New highs are nothing to be scared of

New highs are nothing to be scared of

A quantitative look at what happens when the S&P500 index sets new all-time highs.

The S&P500 index ($SPX) in the US set a new all-time closing high today - the first since the end of August. I remember reading comments in the financial (and social) media since those last highs that the market is overbought and due for a pullback, especially as we’re now in the longest bull run in history - although that is hotly debated, and possibly the subject of another post.

Following the new high on August 29th investors did seem nervous. In fact the index proceeded to register lower highs and lows for six consecutive days (the first time since May 2012) - but it’s important to remember that it stayed within 2% of that high of the 29th before recovering. So are those commentators correct? Is there any justification that they should feel that a downturn is imminent just because a new high is recorded - especially given that an even higher high is now in place?
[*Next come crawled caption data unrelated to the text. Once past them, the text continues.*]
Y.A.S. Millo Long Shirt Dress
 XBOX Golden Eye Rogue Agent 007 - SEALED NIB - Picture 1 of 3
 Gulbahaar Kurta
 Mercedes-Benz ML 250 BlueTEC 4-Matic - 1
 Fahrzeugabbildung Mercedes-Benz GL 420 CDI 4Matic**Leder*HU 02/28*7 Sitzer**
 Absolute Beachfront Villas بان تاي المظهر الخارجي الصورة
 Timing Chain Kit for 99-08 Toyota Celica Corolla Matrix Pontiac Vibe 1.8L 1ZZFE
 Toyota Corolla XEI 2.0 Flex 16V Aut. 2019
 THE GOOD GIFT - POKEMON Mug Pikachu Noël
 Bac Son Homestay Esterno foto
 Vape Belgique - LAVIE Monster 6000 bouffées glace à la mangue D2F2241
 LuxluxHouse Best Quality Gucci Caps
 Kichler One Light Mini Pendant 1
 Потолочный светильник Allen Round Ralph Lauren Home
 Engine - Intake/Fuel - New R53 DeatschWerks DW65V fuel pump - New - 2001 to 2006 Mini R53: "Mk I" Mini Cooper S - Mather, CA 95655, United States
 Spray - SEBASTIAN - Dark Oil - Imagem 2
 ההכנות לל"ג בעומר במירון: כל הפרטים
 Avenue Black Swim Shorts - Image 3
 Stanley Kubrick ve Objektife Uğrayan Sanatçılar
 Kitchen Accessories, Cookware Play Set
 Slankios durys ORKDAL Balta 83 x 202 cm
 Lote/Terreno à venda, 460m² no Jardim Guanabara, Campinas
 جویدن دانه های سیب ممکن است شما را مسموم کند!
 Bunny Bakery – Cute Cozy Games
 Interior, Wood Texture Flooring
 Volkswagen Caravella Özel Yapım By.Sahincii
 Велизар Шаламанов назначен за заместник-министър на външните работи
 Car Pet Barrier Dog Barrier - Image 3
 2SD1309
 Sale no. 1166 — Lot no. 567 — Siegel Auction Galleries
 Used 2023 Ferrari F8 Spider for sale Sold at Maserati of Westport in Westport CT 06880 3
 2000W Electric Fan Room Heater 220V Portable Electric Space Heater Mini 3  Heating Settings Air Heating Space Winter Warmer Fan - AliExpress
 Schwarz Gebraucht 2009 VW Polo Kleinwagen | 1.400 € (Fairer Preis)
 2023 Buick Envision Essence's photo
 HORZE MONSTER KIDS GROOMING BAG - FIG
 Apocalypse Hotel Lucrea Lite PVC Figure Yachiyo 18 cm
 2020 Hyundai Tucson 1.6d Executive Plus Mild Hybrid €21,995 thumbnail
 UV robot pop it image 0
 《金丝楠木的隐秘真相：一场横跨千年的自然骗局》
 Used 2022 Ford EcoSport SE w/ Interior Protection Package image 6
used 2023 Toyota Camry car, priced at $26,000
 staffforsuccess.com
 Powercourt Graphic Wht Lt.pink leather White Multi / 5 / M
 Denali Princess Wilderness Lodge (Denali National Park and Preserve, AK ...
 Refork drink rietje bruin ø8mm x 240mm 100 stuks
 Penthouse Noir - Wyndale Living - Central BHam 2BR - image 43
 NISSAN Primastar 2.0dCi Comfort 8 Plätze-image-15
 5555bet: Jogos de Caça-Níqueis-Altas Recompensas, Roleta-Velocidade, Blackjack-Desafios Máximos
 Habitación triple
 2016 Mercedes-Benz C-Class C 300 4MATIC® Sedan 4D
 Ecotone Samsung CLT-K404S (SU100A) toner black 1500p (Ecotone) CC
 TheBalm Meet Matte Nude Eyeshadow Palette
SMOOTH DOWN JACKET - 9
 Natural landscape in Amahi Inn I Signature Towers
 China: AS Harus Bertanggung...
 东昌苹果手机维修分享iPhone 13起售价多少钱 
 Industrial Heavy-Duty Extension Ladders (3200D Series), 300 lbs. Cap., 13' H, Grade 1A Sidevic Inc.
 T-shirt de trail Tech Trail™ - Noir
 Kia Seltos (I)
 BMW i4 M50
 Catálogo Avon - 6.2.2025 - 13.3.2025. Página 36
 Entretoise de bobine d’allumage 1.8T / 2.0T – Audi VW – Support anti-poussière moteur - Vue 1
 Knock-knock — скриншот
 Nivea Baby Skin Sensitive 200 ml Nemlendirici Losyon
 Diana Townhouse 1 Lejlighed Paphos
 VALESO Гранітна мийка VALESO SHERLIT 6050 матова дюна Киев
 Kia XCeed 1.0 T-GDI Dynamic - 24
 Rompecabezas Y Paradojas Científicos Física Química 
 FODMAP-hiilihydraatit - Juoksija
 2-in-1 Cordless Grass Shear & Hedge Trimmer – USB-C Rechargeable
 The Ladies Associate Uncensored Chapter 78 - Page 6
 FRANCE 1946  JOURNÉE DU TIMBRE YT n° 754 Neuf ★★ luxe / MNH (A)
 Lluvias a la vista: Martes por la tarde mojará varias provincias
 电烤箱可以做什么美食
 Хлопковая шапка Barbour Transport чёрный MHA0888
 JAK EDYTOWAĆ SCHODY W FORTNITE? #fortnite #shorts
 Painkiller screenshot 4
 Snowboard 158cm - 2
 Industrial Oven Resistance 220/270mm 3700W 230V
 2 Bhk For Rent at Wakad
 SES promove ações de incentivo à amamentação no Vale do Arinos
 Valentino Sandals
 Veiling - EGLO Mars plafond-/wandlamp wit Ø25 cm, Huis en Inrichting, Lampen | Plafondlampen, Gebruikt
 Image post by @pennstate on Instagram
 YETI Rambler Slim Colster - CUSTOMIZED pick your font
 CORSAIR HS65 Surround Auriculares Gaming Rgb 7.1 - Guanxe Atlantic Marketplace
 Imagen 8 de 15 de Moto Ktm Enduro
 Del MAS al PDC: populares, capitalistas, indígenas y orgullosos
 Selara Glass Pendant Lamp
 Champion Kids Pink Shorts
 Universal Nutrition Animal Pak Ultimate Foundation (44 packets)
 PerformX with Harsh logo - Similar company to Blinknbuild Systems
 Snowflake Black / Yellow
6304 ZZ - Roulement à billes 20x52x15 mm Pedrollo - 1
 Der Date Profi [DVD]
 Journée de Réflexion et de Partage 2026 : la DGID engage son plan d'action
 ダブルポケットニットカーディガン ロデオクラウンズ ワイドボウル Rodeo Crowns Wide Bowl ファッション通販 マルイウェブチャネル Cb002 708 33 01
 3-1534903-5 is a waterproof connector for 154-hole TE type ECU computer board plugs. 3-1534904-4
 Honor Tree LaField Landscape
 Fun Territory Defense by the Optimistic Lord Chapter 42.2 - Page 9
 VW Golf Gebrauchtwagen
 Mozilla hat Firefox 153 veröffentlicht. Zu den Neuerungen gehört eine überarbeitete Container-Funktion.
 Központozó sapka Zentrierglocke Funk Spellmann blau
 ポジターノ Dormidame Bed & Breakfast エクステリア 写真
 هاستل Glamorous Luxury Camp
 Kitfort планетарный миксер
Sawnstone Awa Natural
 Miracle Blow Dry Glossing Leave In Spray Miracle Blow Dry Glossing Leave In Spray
Let’s take a look at a long-term chart of the S&P500 index and highlight every new closing high. The easiest way to see them is by using the Show Bar tool set to display as a line. This tool highlights any true/false event on the chart, in this case using the HIGHESTHIGH() function to show when the close is higher than any previous close in the last 50 years:

CLOSE() >= HIGHESTHIGH(CLOSE(), BACKTYPE=Years, BARS=50)

Custom Show Bar Tool Custom Show Bar Tool

As you can see, the green vertical lines are usually grouped together indicating that new highs are often followed by more new highs, ie once the market has momentum it tends to keep going. However, occasionally they have occurred just before a correction, such as in 1968, 1972, 1987 and more recently in 2007.

This is all interesting from an academic point of view, but how do we know what to do when we are getting a new high and the media starts calling for a pullback? This is where we have to cut through all the noise and look at the statistics to see what has happened previously. We can do that with Optuma’s Signal Tester.

By using the same script formula as the Show Bar above, the Signal Tester takes an entry every time there is a new all-time high (so at every vertical green line in the image above) and calculates the average return after every signal, plotting the returns over time. Today’s high was the 1,274th new all-time high using data since 1950 (ie not including the historical hypothetical data calculated before the index existed). The Signal Test results tell us that the mean return of the previous 1,273 new highs was 4.9% six months - approximately 132 trading days - after each signal, with a probability of gain of 77%. In other words, you would expect three wins for every loss if you took an entry on every new high and would gain, on average, almost 5% six months later.

Signal Analysis Signal Analysis

If you look at the left of the chart above the -22 represents 22 days before each signal (about a month of trading). The steep incline leading up to Day 0 (ie each entry) illustrates the strong momentum going in to each new high.

Of course, this doesn’t mean that the index will be 5% higher in 6 months’ time, but history tells us that new highs are certainly nothing to be scared of.